As a solution to the above mentioned problem, we tried RabbitMQ because:

RabbitMQ is a message broker: it accepts and forwards messages. You can think about it as a post office: when you put the mail that you want posting in a post box, you can be sure that Mr. or Ms. Mailperson will eventually deliver the mail to your recipient. In this analogy, RabbitMQ is a post box, a post office and a postman.

By default, RabbitMQ will send each message to the next consumer, in sequence. On average every consumer will get the same number of messages. This way of distributing messages is called round-robin.

Message acknowledgment

Doing a task can take a few seconds. You may wonder what happens if one of the consumers starts a long task and dies with it only partly done.

There are two scenarios available:

RabbitMQ delivers message to the consumer it immediately marks it for deletion. In this case, if you kill a worker we will lose the message it was just processing. We’ll also lose all the messages that were dispatched to this particular worker but were not yet handled.

But we don’t want to lose any tasks. If a worker dies, we’d like the task to be delivered to another worker.

In order to make sure a message is never lost, RabbitMQ supports message acknowledgments. An ack(nowledgement) is sent back by the consumer to tell RabbitMQ that a particular message had been received, processed and that RabbitMQ is free to delete it.

If a consumer dies (its channel is closed, connection is closed, or TCP connection is lost) without sending an ack, RabbitMQ will understand that a message wasn’t processed fully and will re-queue it. If there are other consumers online at the same time, it will then quickly redeliver it to another consumer. That way you can be sure that no message is lost, even if the workers occasionally die.

There aren’t any message timeouts; RabbitMQ will redeliver the message when the consumer dies. It’s fine even if processing a message takes a very, very long time.

Message durability

When RabbitMQ quits or crashes it will forget the queues and messages unless you tell it not to. Two things are required to make sure that messages aren’t lost: we need to mark both the queue and messages as durable.

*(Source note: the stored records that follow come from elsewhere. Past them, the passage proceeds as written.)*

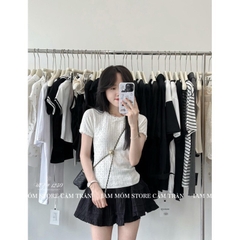 ÁO NỮ LEN LẠNH PHỐI REN BÈO ĐÍNH NƠ(xả 39k)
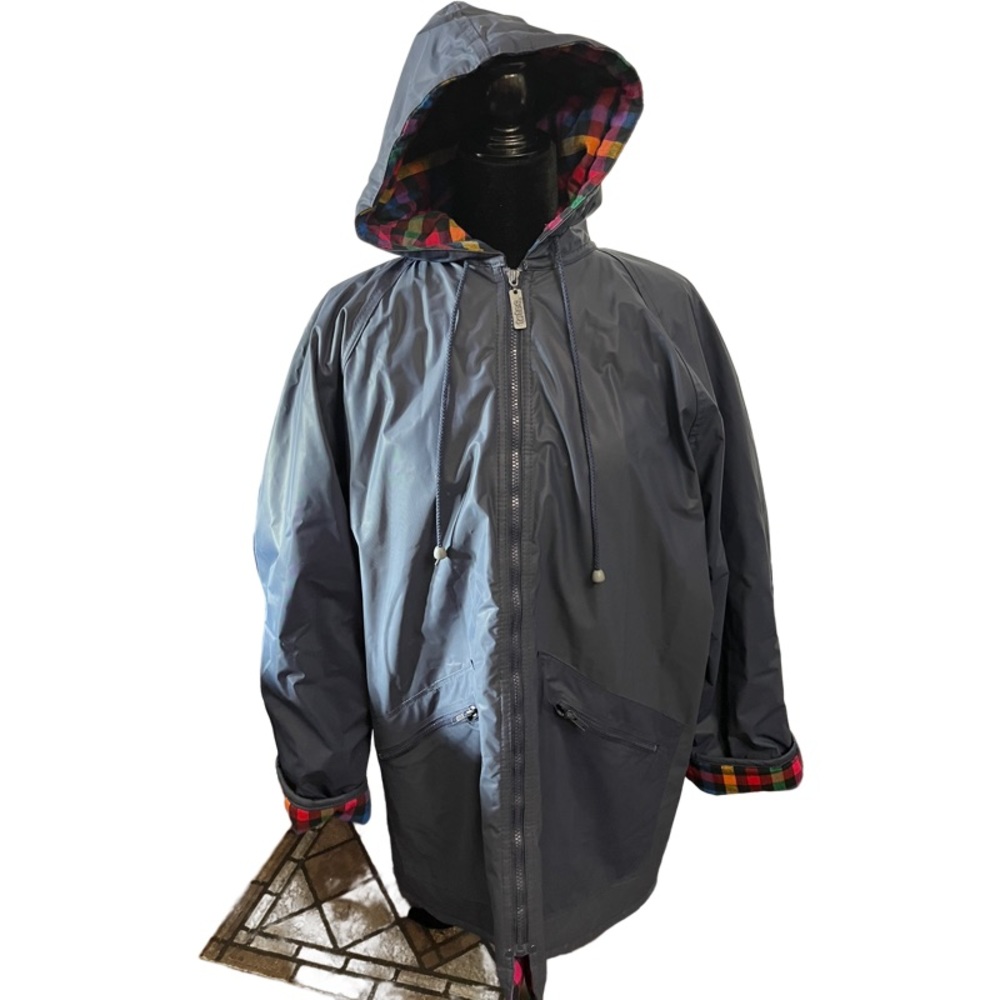 New Totes Women's Water Resistant Jacket with Hood Blue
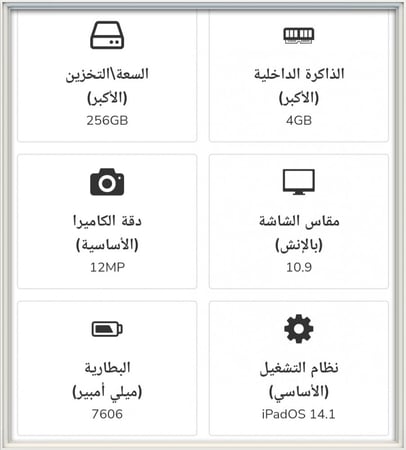 ايباد اير 4 (موديل 2020 ) 256 جيجا واي فاي
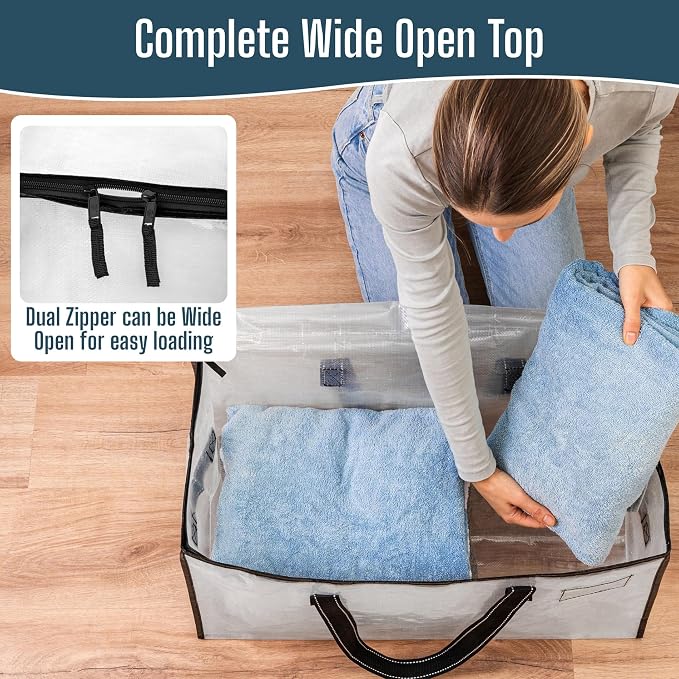 VENO Moving Bags, Storage Bags, Wide Open Top, Clear, 6 Pack | Moving boxes Alternative, Heavy Duty, Packing Supplies, Clothes and Comforter Storage, College Dorm Essentials - Image 3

We can also mark our messages as persistent — by supplying a delivery_mode property with a value 2.

Fair dispatch

In a situation with two workers, when all odd messages are heavy and even messages are light, one worker will be constantly busy and the other one will do hardly any work. Well, RabbitMQ doesn’t know anything about that and will still dispatch messages evenly.

This happens because RabbitMQ just dispatches a message when the message enters the queue. It doesn’t look at the number of unacknowledged messages for a consumer. It just blindly dispatches every n-th message to the n-th consumer.

In order to defeat that we can use the basic.qos method with the prefetch_count=1 setting. This tells RabbitMQ not to give more than one message to a worker at a time. Or, in other words, don’t dispatch a new message to a worker until it has processed and acknowledged the previous one. Instead, it will dispatch it to the next worker that is not still busy.